Market Snapshot: Supply Chain Security

We all remember saying, “Where is all of the toilet paper?!” With the onset of the COVID-19 pandemic, supply chains – something we tend to take for granted – began gaining increased attention. Supply chains effect everything from the delivery of materials from a supplier to the manufacturer all the way through to its eventual delivery to the end user. In addition to these noteworthy challenges, the need to provide enhanced security in supply chain transactions is garnering increasing attention. Enter – blockchain – a method that will provide increased security and minimize cyberattacks on the supply chain.

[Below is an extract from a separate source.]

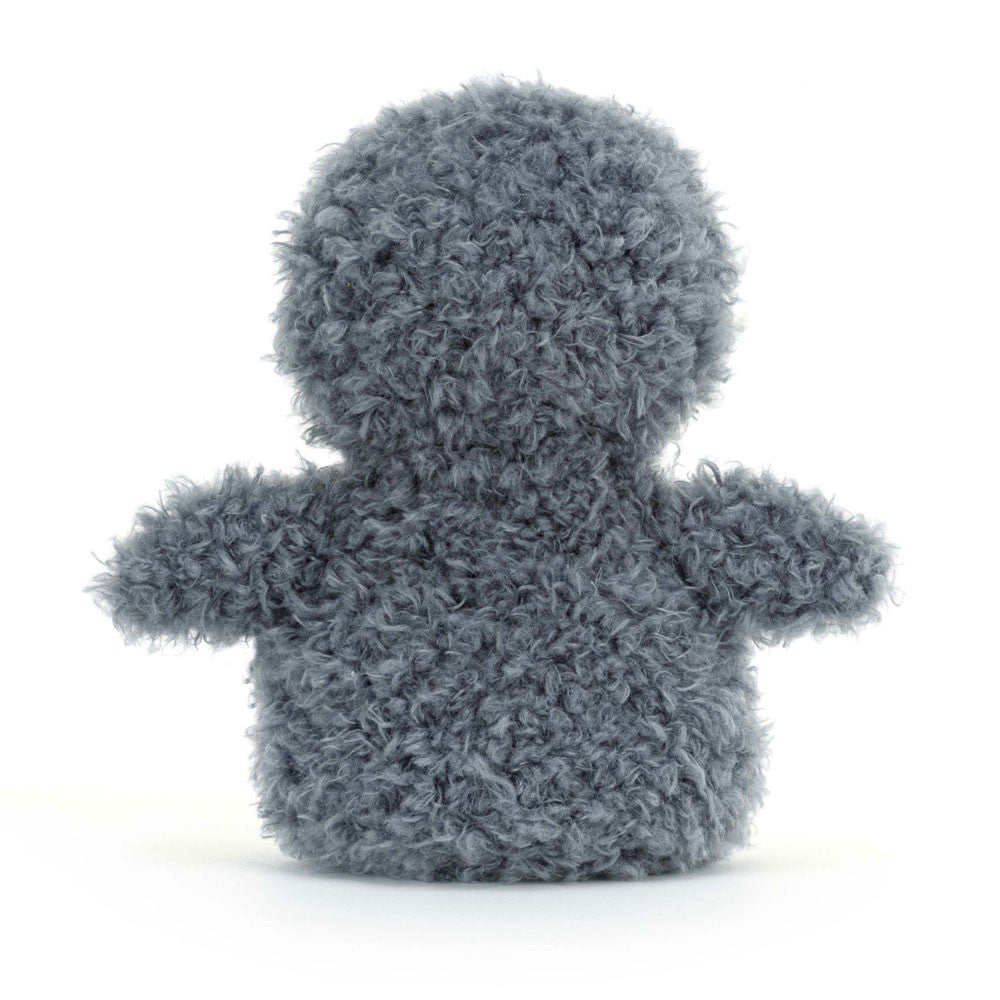 Fluffy gray toy on a white background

MarketsandMarkets reports that post-COVID-19, the global logistics & supply chain industry market size is expected to grow at a Y-O-Y rate of 17.6% from 2020 to 2021, to reach $3,215 billion in 2021, up from $2,734 billion in 2020. This growth is primarily driven by the increasing supply of essential commodities, the creation of supply chain stabilization task force to fight COVID-19, and growing demand and distribution of personal protective equipment. With this overall growth comes an Increasing need for supply chain transparency and a rising demand for enhanced security of supply chain transactions. According to MarketsandMarkets, the global blockchain supply chain market size was $82.1 million in 2017 and is projected to reach $3,314.6 million by 2023, at a Compound Annual Growth Rate (CAGR) of 87.0% during the forecast period.

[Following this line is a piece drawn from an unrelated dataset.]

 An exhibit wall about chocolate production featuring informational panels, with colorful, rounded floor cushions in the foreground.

The blockchain supply chain market ecosystem is made up of notable vendors, such as IBM (US), Microsoft (US), Oracle (US), SAP SE (Germany), AWS (US), Huawei (China), Bitfury (Netherlands), Auxesis Group (India), TIBCO Software (US), BTL Group (Canada), Applied Blockchain (UK), Guardtime (Estonia), Nodalblock (Spain), Peer Ledger (Canada), Blockverify (UK), TransChain (France), RecordsKeeper (Spain), Datex Corporation (US), Ownest (France), Omnichain (US), Traceparency (France), Digital Treasury Corporation (China), Chainvine (UK), VeChain (China), Algorythmix (India), and OpenXcell (US). These players tend to favor partnerships and new product launches as the key growth strategies to offer feature-rich blockchain technology solutions to their customers and further penetrate regions with unmet needs. Other stakeholders of the blockchain supply chain market include cryptocurrency vendors, research organizations, network and system integrators, blockchain service providers, distributed ledger technology solution providers, and technology providers.

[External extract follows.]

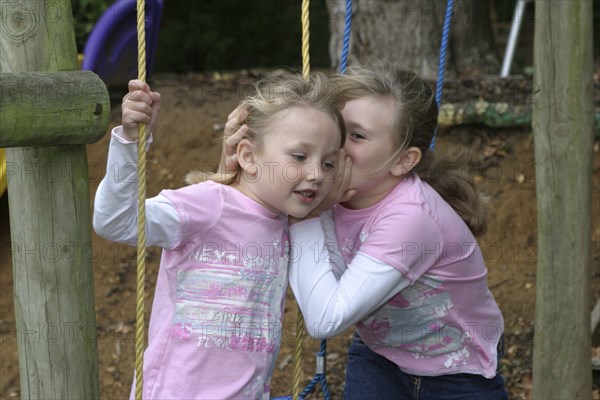 Children, Girls, Sisters whispering to each other.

Today, big data has become a key element in building business development strategies, and while the logistics and supply chain industry continue to grow, so does the amount of data generated. This increase in data coupled with the persistent requirement for a unified cost-saving solution is expected to drive demand for advanced analytics solutions across industry verticals. Additionally, as companies look to identify opportunities for cost-cutting and resource-savings, supply chain optimization grows in importance. Therefore, access to secure, accurate supply chain analytics provides companies with valuable insights into the root causes of losses and successes. The global supply chain analytics market size is expected to grow from $3.5 billion in 2020 to $8.8 billion by 2025, at a CAGR of 19.8% during the forecast period.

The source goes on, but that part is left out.